Why, then, is Russia preparing for an invasion of Ukraine? From a broad analysis of the aforementioned developments in 2021, Western democracy is fighting back politically rather than militarily. In Armenia, the remnants of the ousted pro-Russian regime failed to regain power either militarily or through democratic elections; Bulgaria thrice voted for anti-corruption and broadly pro-European parties over the pro-Russian BSP, Moldova followed up a 2020 presidential transition from a pro-Russian president to an avowedly pro-European one with a 2021 parliamentary election which saw the pro-European party win a majority, and Germany’s two pro-Russian parties, The Left and Alternative for Germany, lost seats in a general election which partly reversed the far-right’s gains in 2017 and nearly annihilated the far-left. Russia’s campaign of interference in international elections seems to have ultimately failed as national populism in Europe has become associated more with opposing COVID restrictions than with disrupting the American-led power bloc by fighting “globalization”.

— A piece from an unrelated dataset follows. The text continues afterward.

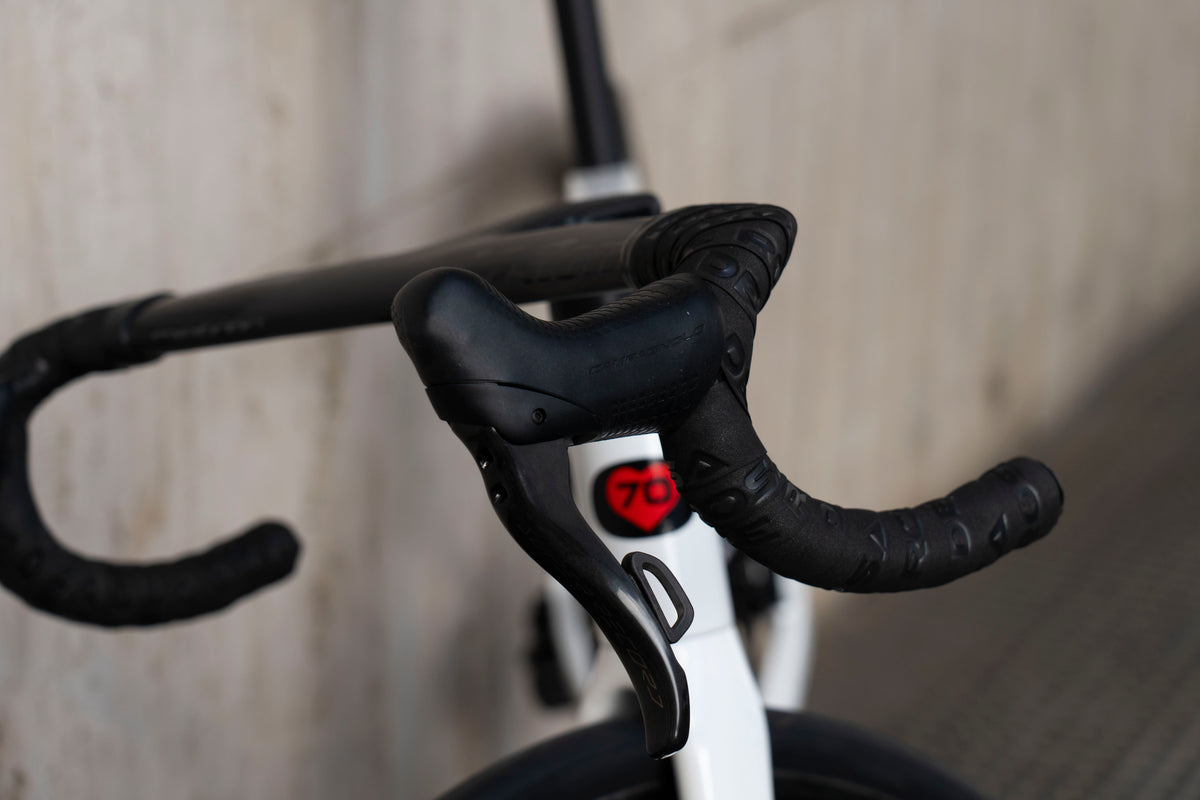 Cicli Corsa De Rosa 70 White 465 Campagnolo Super Record 13 Hyperon Ultra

Thus, Russia is faced with a situation in which the West appears to be uninterested in military interventions in the wake of the Afghanistan fiasco, yet in which Western democracy has survived the populist wave of the 2010s and even spread to Armenia and Moldova by the 2020s. To Russia, then, the Western bloc appears to be a more powerful ideological threat than ever before, heightening political tensions, while the West’s growing revulsion with military interventions will concurrently enable Russia to make a new show of force by generating crises in Bosnia, Belarus, and Ukraine, with the latter crisis potentially involving a Russian invasion in the near future. This threat of Russian incursions into Ukraine is thus not a sudden or unpredictable one, but merely the next move in a long and destructive game of geopolitical chess between the US-European power bloc and the Russian-led, anti-hegemonic alliance. What comes next is yet unknown, but, whatever happens, it will be only the latest escalation of tensions since 2021 brought the world back into its pre-pandemic global showdown between its two superpowers and their allies.